# Main Jupyter notebook file that prepares and standardizes data in advance of the main calculation and score


## will require the key steps.
### Main car data records:

1.) combining all car manufacturers into the same database
2.) highlighting null values
3.) standardizing formatting accross columns in centralized 'used car data' csv
4.) standardizing datatype for cost to be float

### preparing maintenance costs to match car data

1.) renaming columns

data cleaning and formatting
merging maintenance costs into central DB


### preparing ratings to match car data
data cleaning and formatting
merging car ratings into central DB

In [1]:
# key imports
import os
import csv
import glob
import pandas as pd
import datetime

In [2]:
pip install python-Levenshtein

Note: you may need to restart the kernel to use updated packages.


In [3]:
from fuzzywuzzy import fuzz, process

# Combining all CSV files into a central CSV for processing

##


In [4]:
# Define the path where your CSV files are located
pathToExistingCSVs = './Datasets/Provided_Datasets/used-car-dataset-challenge/Used_Car_Data_(incl mpg)/*.csv'


# Define the output file where you want to combine all CSVs
output_file = './Datasets/Processed_Data/used_car_data_combined.csv'

# Ensure output directory exists
os.makedirs(os.path.dirname(output_file), exist_ok=True)

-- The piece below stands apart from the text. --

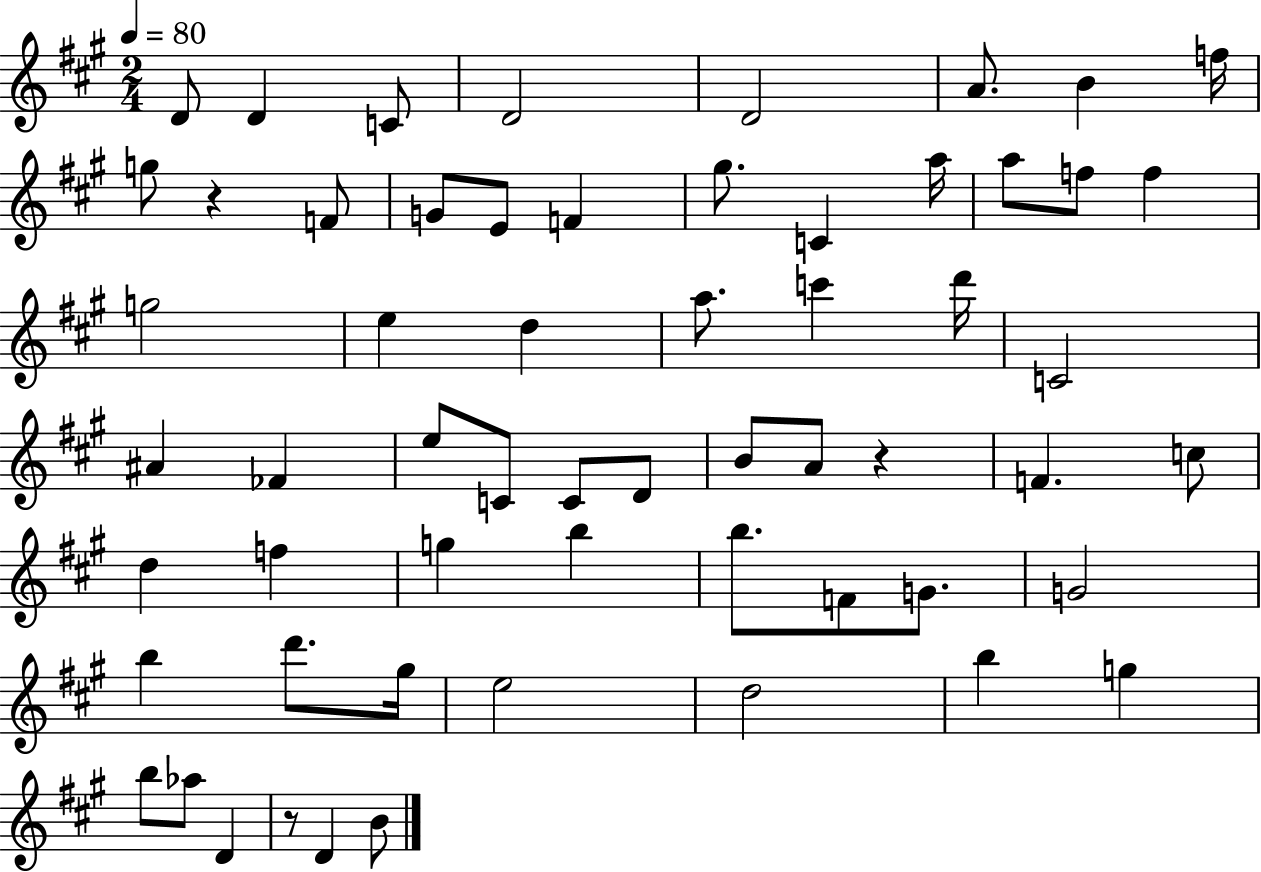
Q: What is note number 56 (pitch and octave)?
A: B4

# Clear the output file content before writing
open(output_file, 'w').close()

# Get a list of all CSV files in the directory, in alphabetical order based on brand
csv_files = glob.glob(pathToExistingCSVs)
csv_files = sorted(csv_files, key=lambda x: x.split('/')[-1])

print(csv_files)

# Initialize a variable to store all CSV headers (to ensure they are the same across files, plus the new "brand" column)
headers = []

['./Datasets/Provided_Datasets/used-car-dataset-challenge/Used_Car_Data_(incl mpg)/audi.csv', './Datasets/Provided_Datasets/used-car-dataset-challenge/Used_Car_Data_(incl mpg)/bmw.csv', './Datasets/Provided_Datasets/used-car-dataset-challenge/Used_Car_Data_(incl mpg)/ford.csv', './Datasets/Provided_Datasets/used-car-dataset-challenge/Used_Car_Data_(incl mpg)/hyundai.csv', './Datasets/Provided_Datasets/used-car-dataset-challenge/Used_Car_Data_(incl mpg)/merc.csv', './Datasets/Provided_Datasets/used-car-dataset-challenge/Used_Car_Data_(incl mpg)/skoda.csv', './Datasets/Provided_Datasets/used-car-dataset-challenge/Used_Car_Data_(incl mpg)/toyota.csv', './Datasets/Provided_Datasets/used-car-dataset-challenge/Used_Car_Data_(incl mpg)/vauxhall.csv', './Datasets/Provided_Datasets/used-car-dataset-challenge/Used_Car_Data_(incl mpg)/vw.csv']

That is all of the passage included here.